Abstract

Four species of Dunaliella and a carbonic anhydrase deficient mutant of Dunaliella tertiolecta (Butcher), HL 25/8, developed a process for concentrating dissolved inorganic carbon when adapted on air or low CO2 for 24 h in the light. However, the external carbonic anhydrase activities in Dunaliella species were nil or low compared with those in Chlamydomonas reinhardtii (Danegard) or some Chlorella species. D. tertiolecta had low and about equal levels of external and internal carbonic anhydrase. D. parva (Lerche) and the D. tertiolecta mutant had negligible external carbonic anhydrase. D. viridis (Teodoresco) and D. salina (Teodoresco), high salt tolerant species, had high activities of intenal carbonic anhydrase but low levels of external carbonic anhydrase.

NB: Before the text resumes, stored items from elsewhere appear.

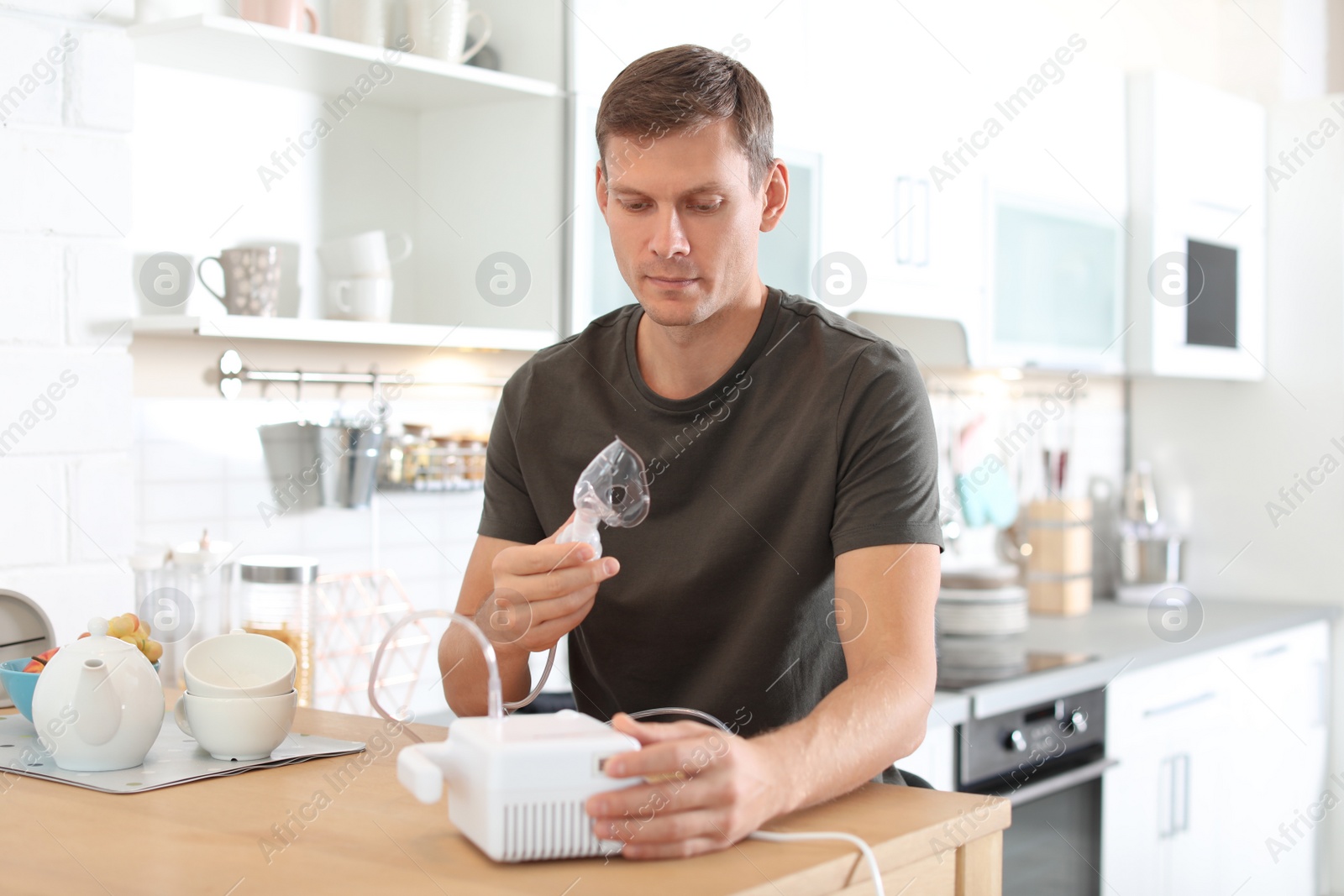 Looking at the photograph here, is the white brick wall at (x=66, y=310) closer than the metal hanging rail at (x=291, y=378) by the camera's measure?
Yes

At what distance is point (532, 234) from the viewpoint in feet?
7.72

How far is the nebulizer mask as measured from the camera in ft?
3.84

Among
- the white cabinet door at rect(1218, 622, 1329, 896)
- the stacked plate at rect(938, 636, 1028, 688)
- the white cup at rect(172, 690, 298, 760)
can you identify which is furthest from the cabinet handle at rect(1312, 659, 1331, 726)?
the white cup at rect(172, 690, 298, 760)

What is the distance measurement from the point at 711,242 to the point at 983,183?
1.93m

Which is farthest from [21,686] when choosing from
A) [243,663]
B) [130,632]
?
[243,663]

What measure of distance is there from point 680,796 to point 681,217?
0.64m

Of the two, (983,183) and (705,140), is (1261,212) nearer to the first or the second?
(983,183)

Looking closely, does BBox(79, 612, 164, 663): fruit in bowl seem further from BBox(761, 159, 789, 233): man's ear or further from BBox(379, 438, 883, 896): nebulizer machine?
BBox(761, 159, 789, 233): man's ear

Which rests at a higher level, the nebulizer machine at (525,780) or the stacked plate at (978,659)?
the nebulizer machine at (525,780)

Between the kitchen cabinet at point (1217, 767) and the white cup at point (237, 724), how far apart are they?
6.79 feet

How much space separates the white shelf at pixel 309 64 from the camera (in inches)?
75.7

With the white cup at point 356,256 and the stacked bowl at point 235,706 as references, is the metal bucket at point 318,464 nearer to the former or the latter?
the white cup at point 356,256

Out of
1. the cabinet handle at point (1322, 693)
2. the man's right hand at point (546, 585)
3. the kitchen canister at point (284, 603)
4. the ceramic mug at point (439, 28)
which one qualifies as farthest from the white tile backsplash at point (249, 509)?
the cabinet handle at point (1322, 693)

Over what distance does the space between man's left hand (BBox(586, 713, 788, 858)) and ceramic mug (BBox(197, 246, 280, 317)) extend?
1344mm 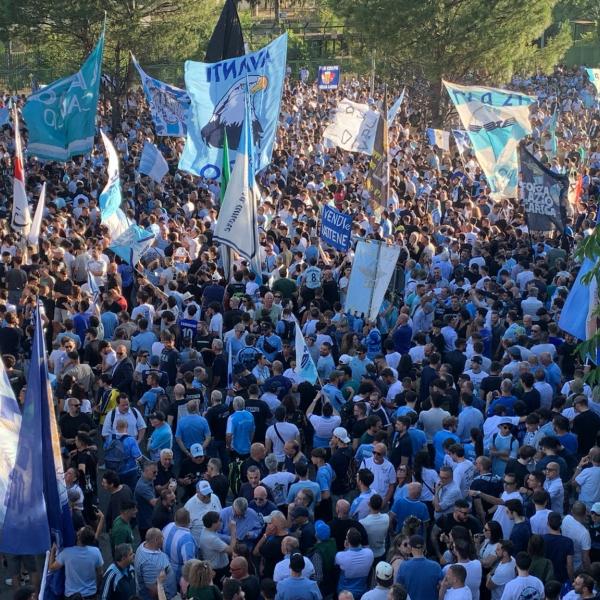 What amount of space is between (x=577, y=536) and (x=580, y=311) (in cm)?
398

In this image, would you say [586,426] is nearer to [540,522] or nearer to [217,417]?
[540,522]

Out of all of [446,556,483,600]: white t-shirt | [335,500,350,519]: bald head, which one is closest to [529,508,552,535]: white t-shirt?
[446,556,483,600]: white t-shirt

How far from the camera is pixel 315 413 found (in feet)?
40.3

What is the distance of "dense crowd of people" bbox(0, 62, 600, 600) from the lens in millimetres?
8766

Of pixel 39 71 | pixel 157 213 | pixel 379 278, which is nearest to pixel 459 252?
pixel 379 278

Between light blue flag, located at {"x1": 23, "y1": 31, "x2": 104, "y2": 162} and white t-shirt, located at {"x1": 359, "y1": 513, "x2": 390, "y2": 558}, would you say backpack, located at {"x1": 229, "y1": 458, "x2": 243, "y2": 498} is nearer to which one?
white t-shirt, located at {"x1": 359, "y1": 513, "x2": 390, "y2": 558}

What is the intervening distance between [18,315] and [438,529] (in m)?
8.05

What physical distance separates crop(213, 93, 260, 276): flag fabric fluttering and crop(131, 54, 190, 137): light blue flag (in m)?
9.29

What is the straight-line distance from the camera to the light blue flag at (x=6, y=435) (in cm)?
873

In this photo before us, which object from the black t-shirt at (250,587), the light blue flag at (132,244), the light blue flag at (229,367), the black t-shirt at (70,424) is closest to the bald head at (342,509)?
the black t-shirt at (250,587)

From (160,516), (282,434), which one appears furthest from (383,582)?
(282,434)

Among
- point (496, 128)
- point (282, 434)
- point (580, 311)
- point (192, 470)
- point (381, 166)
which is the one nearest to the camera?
point (192, 470)

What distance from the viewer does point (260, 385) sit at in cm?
1260

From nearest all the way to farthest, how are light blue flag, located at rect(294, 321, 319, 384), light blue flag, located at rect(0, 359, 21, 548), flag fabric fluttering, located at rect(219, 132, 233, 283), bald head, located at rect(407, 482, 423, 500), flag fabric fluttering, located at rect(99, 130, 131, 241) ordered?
light blue flag, located at rect(0, 359, 21, 548)
bald head, located at rect(407, 482, 423, 500)
light blue flag, located at rect(294, 321, 319, 384)
flag fabric fluttering, located at rect(219, 132, 233, 283)
flag fabric fluttering, located at rect(99, 130, 131, 241) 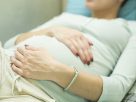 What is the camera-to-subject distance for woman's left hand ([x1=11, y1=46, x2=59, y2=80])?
110cm

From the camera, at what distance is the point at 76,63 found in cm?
123

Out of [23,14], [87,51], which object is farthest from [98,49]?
[23,14]

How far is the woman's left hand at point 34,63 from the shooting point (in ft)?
3.61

Antiserum prepared against the 37 kDa peptide of extracellular carbonic anhydrase from Chlamydomonas reinhardtii was immunoreactive with a polypeptide of 30 kDa in D. tertiolecta and its salt sensitive external carbonic anhydrase (CA) mutant HL 25/8. External CA activity from D. tertiolecta was stimulated about three-fold, by including 0.5 M NaCl in the assay medium, while internal CA was not significantly affected by NaCl. External CA activities in the other species were insensitive to NaCl, while their internal activities were 90% inhibited by 0.5 M NaCl. Sorbitol only partly replaced NaCl in stimulating the external CA from D. tertiolecta. These experiments were performed with Dunaliella spp. grown in controlled laboratory cultures during September through November 1989.